What the exercise asks
Below are the entries; return exactly the line with "this 491×321 image." and every later line, without anything else.

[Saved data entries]
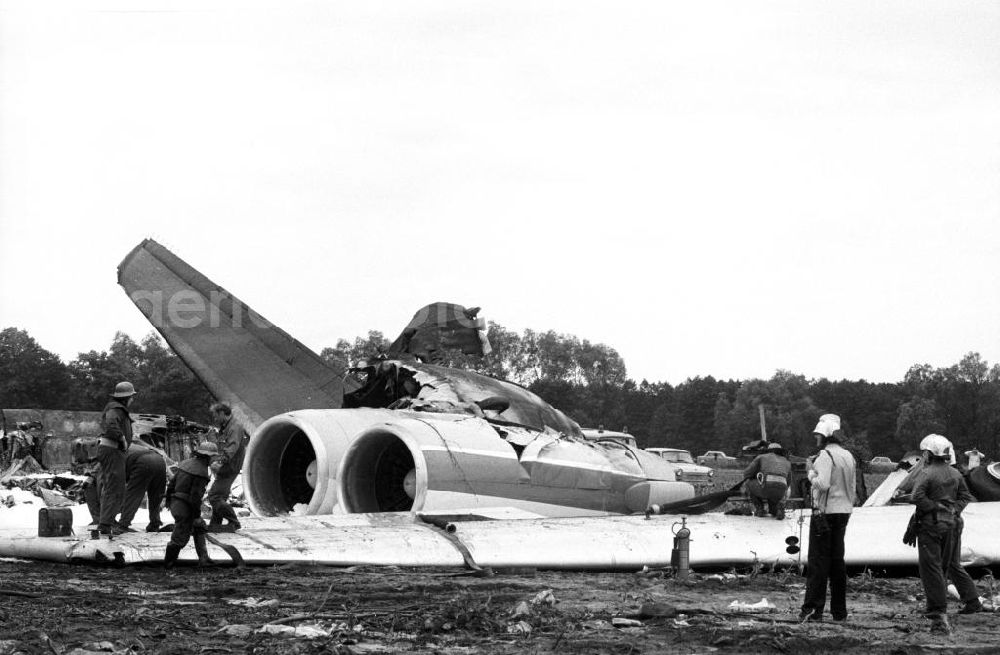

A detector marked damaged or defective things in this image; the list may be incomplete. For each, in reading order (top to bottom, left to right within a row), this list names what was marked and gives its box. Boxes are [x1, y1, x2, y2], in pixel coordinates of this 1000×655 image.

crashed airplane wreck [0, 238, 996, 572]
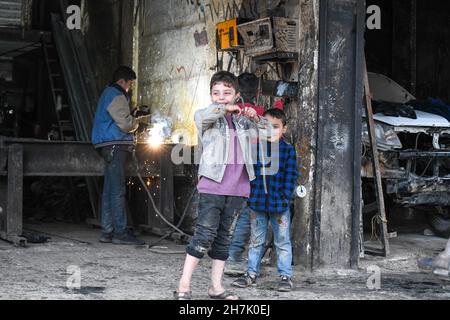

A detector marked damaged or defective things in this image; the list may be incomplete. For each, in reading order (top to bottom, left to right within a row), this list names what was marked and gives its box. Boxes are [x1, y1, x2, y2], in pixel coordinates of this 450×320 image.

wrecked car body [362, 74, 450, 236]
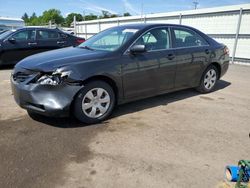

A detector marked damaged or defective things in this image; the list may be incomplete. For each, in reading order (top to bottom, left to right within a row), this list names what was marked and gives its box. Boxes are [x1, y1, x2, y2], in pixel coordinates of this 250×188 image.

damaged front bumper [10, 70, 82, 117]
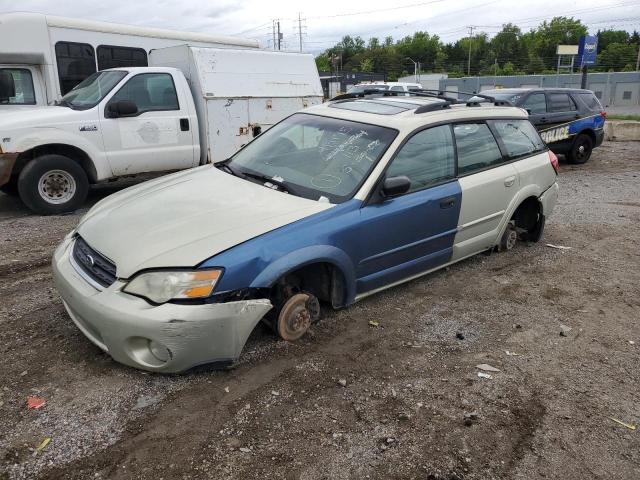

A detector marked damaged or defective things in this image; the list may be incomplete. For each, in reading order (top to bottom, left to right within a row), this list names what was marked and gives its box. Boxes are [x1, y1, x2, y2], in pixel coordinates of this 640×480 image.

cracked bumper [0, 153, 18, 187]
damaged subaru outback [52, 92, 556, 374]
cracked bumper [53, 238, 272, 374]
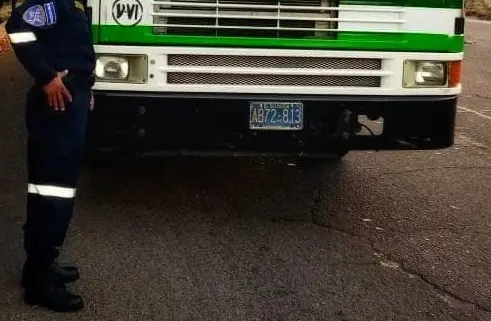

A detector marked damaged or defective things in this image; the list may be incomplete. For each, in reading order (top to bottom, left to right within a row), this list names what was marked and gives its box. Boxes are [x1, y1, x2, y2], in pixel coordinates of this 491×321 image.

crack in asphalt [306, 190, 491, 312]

Output for this exercise
A detector marked damaged or defective things in this image; the list may be incomplete. For each, in reading order (top to bottom, left to right within a row), this list names what was marked and gives its box. Boxes are [x1, y1, x2, y2], in pixel coordinates of this 491×321 image.

crack in asphalt [306, 190, 491, 312]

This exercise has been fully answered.